Ничего из того, что мы можем сказать о Шекспире сегодня, не будет и вполовину так важно, как то, что осознал Эмерсон. Без Шекспира нет канона, потому что без Шекспира нет нас как опознаваемых личностей — кем бы мы ни были. Мы обязаны Шекспиру не только тем, как изображаем познание, но и большой долей нашей способности к познанию. Между Шекспиром и его ближайшими соперниками существует различие и в степени, и по существу, и двойным этим различием определяются сущность и необходимость Канона. Без Канона мы прекратим думать. Можно бесконечно идеалистически фантазировать о замене эстетических стандартов энтоцентрическими и гендерными соображениями и ставить себе самые достойные социальные цели. Однако лишь сила может присоединиться к силе, как неизменно свидетельствовал Ницше.
Часть II
АРИСТОКРАТИЧЕСКАЯ ЭПОХА
2. Шекспир, центр Канона
Законы елизаветинской Англии роднили актеров с нищими и прочими отбросами общества, что, несомненно, угнетало Шекспира, который положил немало сил на то, чтобы вернуться в Стратфорд дворянином. Кроме этого желания, нам практически нечего больше отметить в социальной физиономии Шекспира — не считая того, что можно наскрести по его пьесам, в которых все сведения неоднозначны. Будучи актером и драматургом, Шекспир не мог не зависеть от аристократов, которые его обеспечивали и защищали, а его политические взгляды — если таковые у него вообще были — приличествовали моменту расцвета долгой Аристократической эпохи (в смысле Вико), которая у меня начинается с Данте, захватывает Возрождение с Просвещением и заканчивается на Гёте. Политические взгляды молодого Вордсворта и Уильяма Блейка принадлежат Французской революции и возвещают следующую эпоху, Демократическую, которая достигает вершины в Уитмене с американским каноном и находит окончательное выражение в Толстом и Ибсене. У истоков творчества Шекспира мы обнаруживаем фундаментальный принцип — аристократическое представление о культуре. Но Шекспир не исчерпывается этим представлением, как не исчерпывается вообще ничем.
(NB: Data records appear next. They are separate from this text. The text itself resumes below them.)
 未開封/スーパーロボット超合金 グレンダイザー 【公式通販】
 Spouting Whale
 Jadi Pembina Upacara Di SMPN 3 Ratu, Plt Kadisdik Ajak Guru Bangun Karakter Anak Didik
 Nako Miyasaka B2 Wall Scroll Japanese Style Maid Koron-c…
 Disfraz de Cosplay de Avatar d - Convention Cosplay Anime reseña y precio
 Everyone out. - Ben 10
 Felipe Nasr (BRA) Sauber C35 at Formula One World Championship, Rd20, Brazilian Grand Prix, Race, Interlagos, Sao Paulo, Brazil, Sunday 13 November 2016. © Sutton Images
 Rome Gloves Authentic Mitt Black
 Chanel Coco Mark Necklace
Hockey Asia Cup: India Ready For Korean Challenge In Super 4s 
Шекспир и Данте находятся в центре Канона потому, что превосходят всех прочих западных писателей остротой ума, стилистической мощью и изобретательностью. Возможно, эти три свойства сливаются в онтологическую страсть, способность к радости, то, о чем говорит в одной из своих «Пословиц Ада» Блейк: «В Излишестве — Красота» [57] . Социальные энергии существуют в каждом веке, но они не могут сочинять пьес, стихотворений и прозы. Созидательная сила — это индивидуальный дар, она существует во все времена, но ей явным образом благоприятствуют определенные контексты, локальные подъемы, которые мы изучаем порознь: внутреннее единство великой эпохи, как правило, иллюзорно. Случайность ли Шекспир? Является ли литературное воображение и способы его воплощения такими же причудливыми явлениями, как возникновение Моцарта? Шекспир — не из тех поэтов, которым не требуется развиваться, которые кажутся сложившимися изначально: они редки и малочисленны — это, например, Марло, Блейк, Рембо, Крейн. Они, кажется, даже не раскрываются: первая часть «Тамерлана Великого», «Поэтические наброски», «Озарения», «Белые здания» — уже на высоте. Но в Шекспире — авторе ранних хроник, фарсов и «Тита Андроника» мало что предвещает автора «Гамлета», «Отелло», «Короля Лира» и «Макбета». Читая параллельно «Ромео и Джульетту» и «Антония и Клеопатру», я подчас с большим трудом могу убедить себя, что лирик, написавший первую пьесу, создал и космологические красоты второй.
57
Пер. А. Сергеева («Бракосочетание Рая и Ада»).